E para essa equação, faz falta a paixão, os talentos e dons que os seres minúsculos que são as crianças e os burros velhos que somos, já nós, trazemos, para juntar à solução procurada. E acreditem que no século vinte e um, contrariando o que diziam os ancestros, burros velhos aprendem línguas, e quem nos garante isso é a senhora das necessidades que nós, cegos, não quisemos ver.  As crianças são poemas, não as reduzam aos vossos esquemas. 

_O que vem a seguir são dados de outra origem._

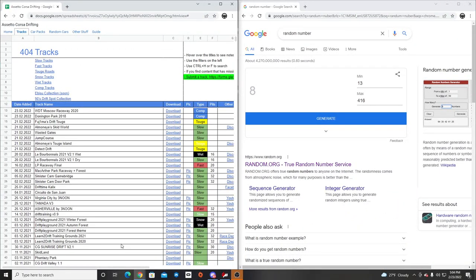Hello and welcome back for another episode of Random Drifting here on Aesthetic Horsa. We'll be doing a random drift track with a number generator and a random car. Make sure you guys follow me on all social media, all of which are found in the description box below. Let's do it.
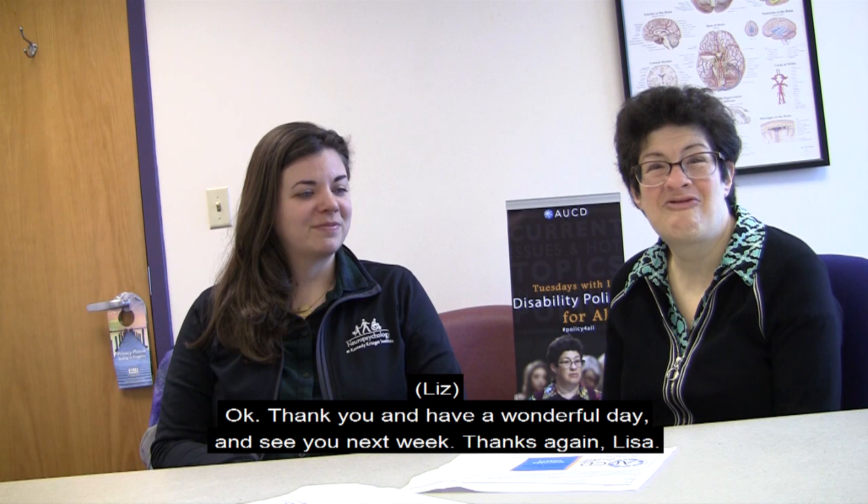Thank you and have a wonderful day. See you next week. Thanks again, Lisa. You're welcome. Thank you. Bye.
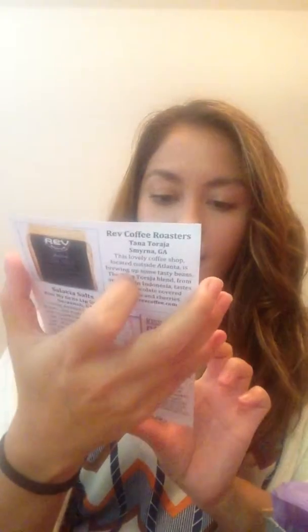Hey guys, I'm Amanda and today I'm going to do my Hammock Pack unboxing for the month of August. This is your doorstep getaway, and each month features a different location — this one was for Georgia.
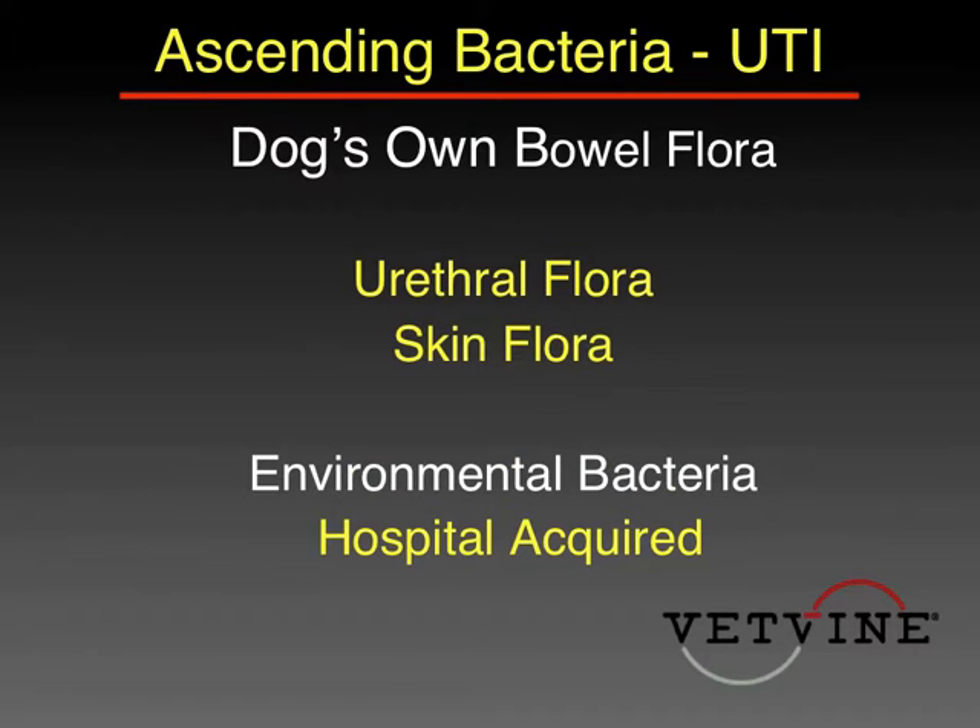Where do these organisms come from? E. coli most certainly comes from the dog's own intestinal flora and contaminates the system. It can also come from the distal urethral flora. Flora from the skin occasionally ascends as well. Probably the worst type of infection would be one acquired in the hospital following passing of a urinary catheter — those bugs are likely to be extremely resistant.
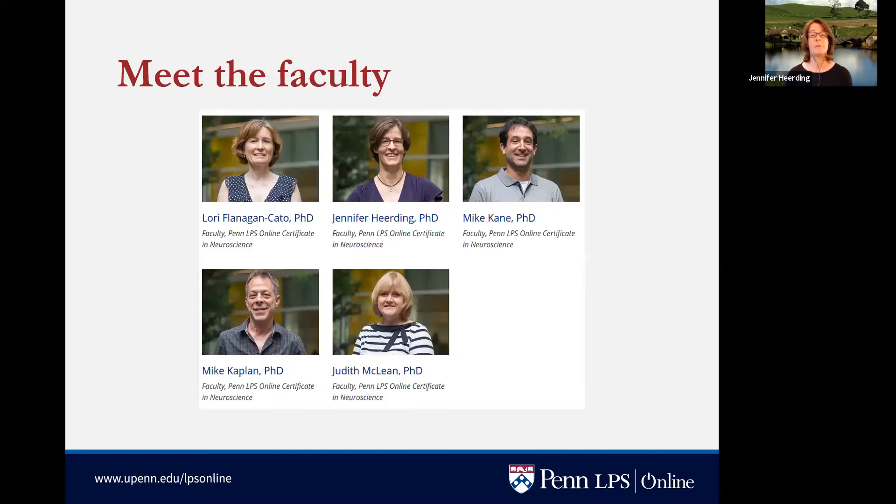You can see here the different faculty members in the program. Dr. Hearding's background is in chemistry and pharmacology — she received a bachelor's degree in chemistry from UC Davis, a master's in chemistry from UC Berkeley, and her PhD in pharmacology from the University of Pennsylvania. Her thesis work was on angiotensin II, the hormone involved in body fluid regulation. After postdoctoral work, she took the position of Associate Director for the Neuroscience Undergraduate Program at Penn, a role she has held for more than 15 years.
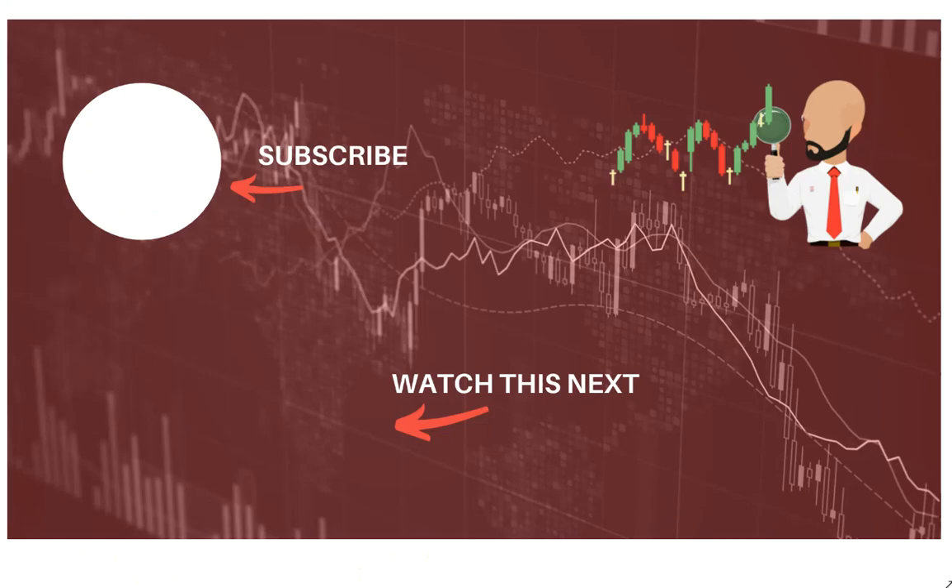I wish you good luck in your trading today. Click here to subscribe to our analysis videos and go to our website to sign up for our webinars.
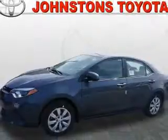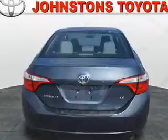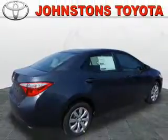The features include electric trunk, an alarm system, keyless entry, independent suspension, brake assist, traction control, stability control, daytime running lights, and anti-lock brakes.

O que tem de morrer em nós é o derrotismo, a anacronia, a apatia, o conformismo, a ignorância, o racismo e a xenofobia, os tabus e preconceitos e os faits divers dos que ganham com as nossas limitações, para fazer nascer o novo. O que tem de morrer, e para isso precisa de atitude e ação, é o velho status quo que engorda nas aparências e na hipocrisia e que regride a nossa esperança para o fétido medo que injetamos nas novas gerações. É necessário expor as feridas e as verdades e chamar os bois pelos nomes e debater o conhecimento e a experiência como as únicas opções de futuro, do complexo colher o simples, da recusa colher a escolha. O resto são tangas, ilusões e materialismo que não têm mais serventia e nem desculpa para constarem do processo evolutivo humano. E deixarmo-nos de preâmbulos e suscetibilidades na abordagem das questões. E não voltar a falsas questões, como sejam o engodo, a política provinciana, a venda de títulos e de pompas e circunstâncias e nos focarmos na abundância coletiva humana. E mais não digo que é verborreia e rima com a diarreia que já produzimos em quantidades consideráveis. Crónica azeda, de difícil digestão, mas haverá sempre um gaviscon como posologia metafórica positiva ou um prozac que funciona como um óculo cor-de-rosa barbie fashion, ou ainda os milagrosos viagra que funcionam sempre, endireitando o torto até à próxima carga! Vendem-se ilusões à meia dúzia e baratas! Não sejam formigas, sejam cigarras que a música faz falta para a motivação da massa. E para mim, sai massa à lavrador, com uma canção de sobremesa.